CSL needs a database system. A database system provides many data management facilities that are currently re-invented by program after program, and thereby eliminate a large duplication of effort. It also provides a capability that is needed by many programs but actually implemented by very few: a means of sharing information among programs that are distributed around the network.
Why this paper?
We hope that this paper will be read by potential users of the Cypress database system. It is certainly required reading for those who want to make use of the system now.

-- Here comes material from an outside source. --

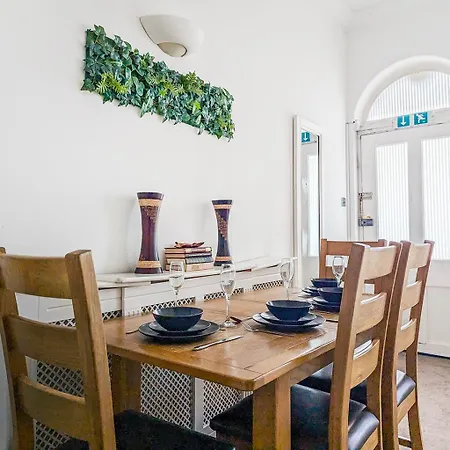 Marine Parade Sea View - By Brighton Holiday Lets Exterior photo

This paper begins by developing database concepts that are necessary to put the Cypress database facilities in perspective. We do not expect most people in CSL to become familiar with database jargon, or to read a Mesa interface, in order to discover whether or not the database system can be useful to them. Thus we begin (Section 2) by defining the scope of the general database problem, and measuring our ambitions relative to this standard. We also describe some current and potential applications of our system.
The main body of this paper describes the interface to the Cypress database system. We first give an overview (Section 3), then present the full story (Section 4). This requires defining the class of data structures that can be stored in a database, and then describing the procedures for manipulating these data structures. For illustration, we present a short Mesa program that manipulates a database (Section 5). We then give an example of how a particular real-world information structure might be represented as a database, and discuss design tradeoffs (Section 6).
Where are we going with database systems?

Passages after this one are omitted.